VMware Fusion 3 Offers -Snow Leopard,' Windows 7 Support
VMware is planning to release its updated Fusion 3 virtualization software for Apple's Mac and the Mac OS X. The latest version of VMware Fusion offers support for Apple's recently released Snow Leopard and supports the upcoming Microsoft Windows 7. Fusion 3 also supports graphics such as OpenGL 2.1 and DirectX 9.0c.VMware is preparing to release the latest version of its Fusion virtualization software for the Mac, which now includes support for Apple's recently released Mac OS X 10.6 "Snow Leopard" and Microsoft's soon-to-be-released Windows 7 operating system. On Oct. 6, VMware announced it would start selling Fusion 3 on Oct. 27. The virtualization software is already available for pre-order through VMware's own Website, the Apple Online Store and Amazon.com for $79.99. Those users looking to upgrade from previous versions of Fusion can purchase the software for $39.99.
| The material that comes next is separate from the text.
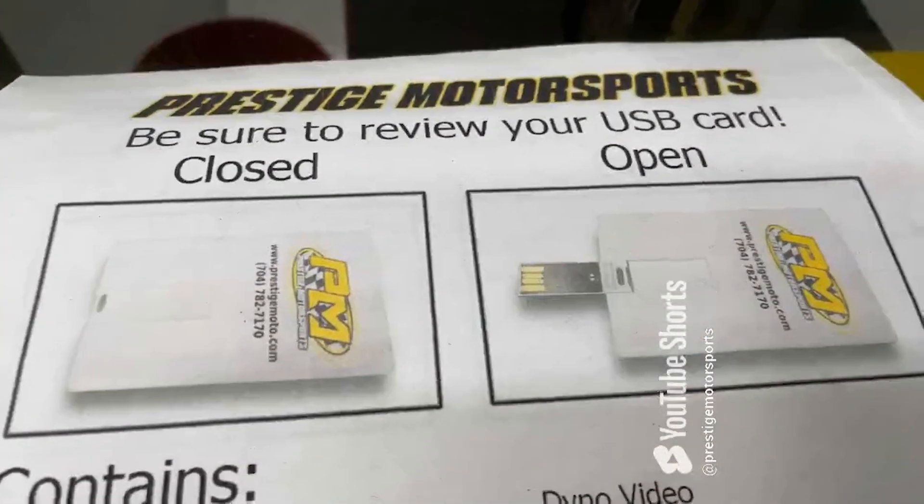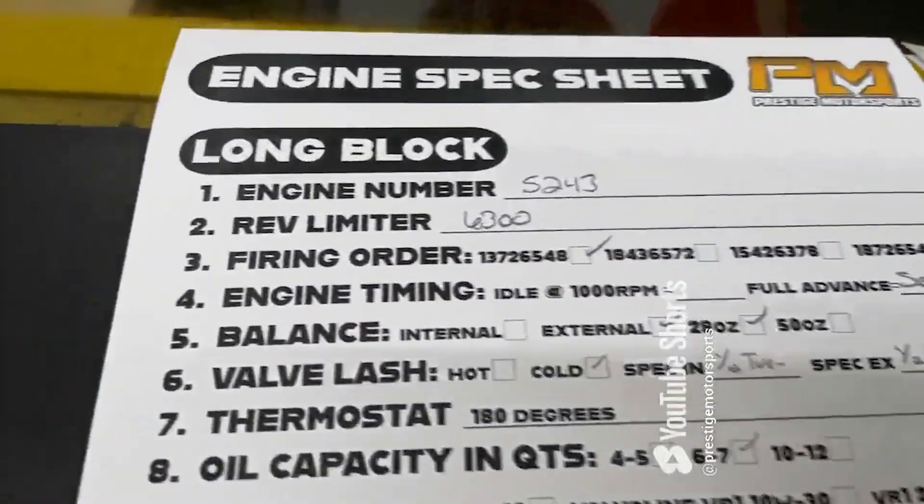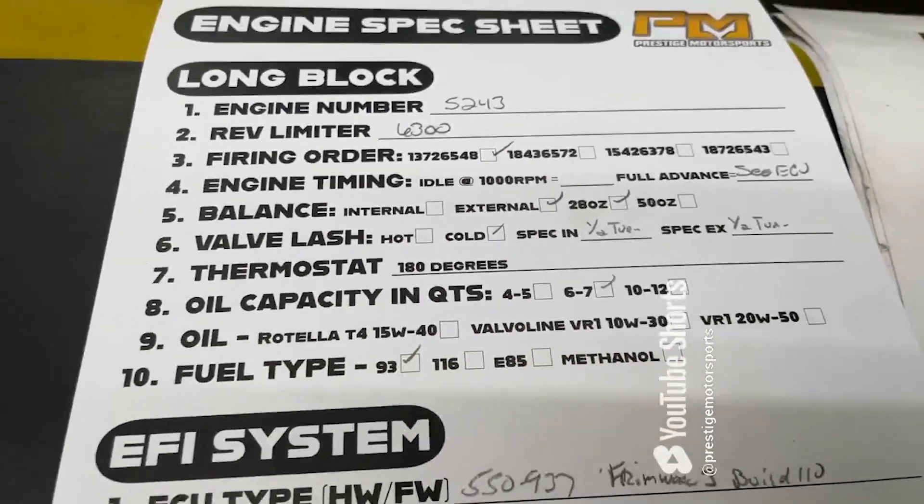When you receive your engine, you'll find this — it looks like a credit card, it's a USB card full of technical information. Inside the engine crate will also be a hidden spec sheet. I highly recommend saving that. Have a great day.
Right now, there are a handful of companies that offer desktop virtualization software that allows Mac users to run Windows within a separate virtualized partition. In addition to VMware, Parallels sells its own Desktop 4.0 Switch to Mac software. Parallels recently updated its offering in August. Apple Website. VMware is offering more than 50 new features with the release of Fusion 3. The most important is support for Apple's Snow Leopard. Fusion 3 uses a new, 64-bit core virtualization engine and offers native support for the 64-bit kernel, which VMware claims offers better Windows performance on the Mac. In addition, VMware Fusion 3 supports Windows 7, which is slated for release on Oct. 22, as well as the Windows Aero user interface and the Flip 3D navigation feature. For gamers and PC enthusiasts, the Fusion 3 software offers support for both OpenGL 2.1 and Microsoft's DirectX9.0c Shader Model 3 graphics, which allows users to run Windows games and other applications on the Mac. Finally, VMware Fusion 3 offers a new type of migration tool that can move a snapshot of their PC to a virtual machine within the Mac. The migration tool uses an installer and a four-digit code that allows the migration to happen automatically across the network. The Website Ars Technica has a comprehensive rundown on the how the PC-to-Mac migration technology works.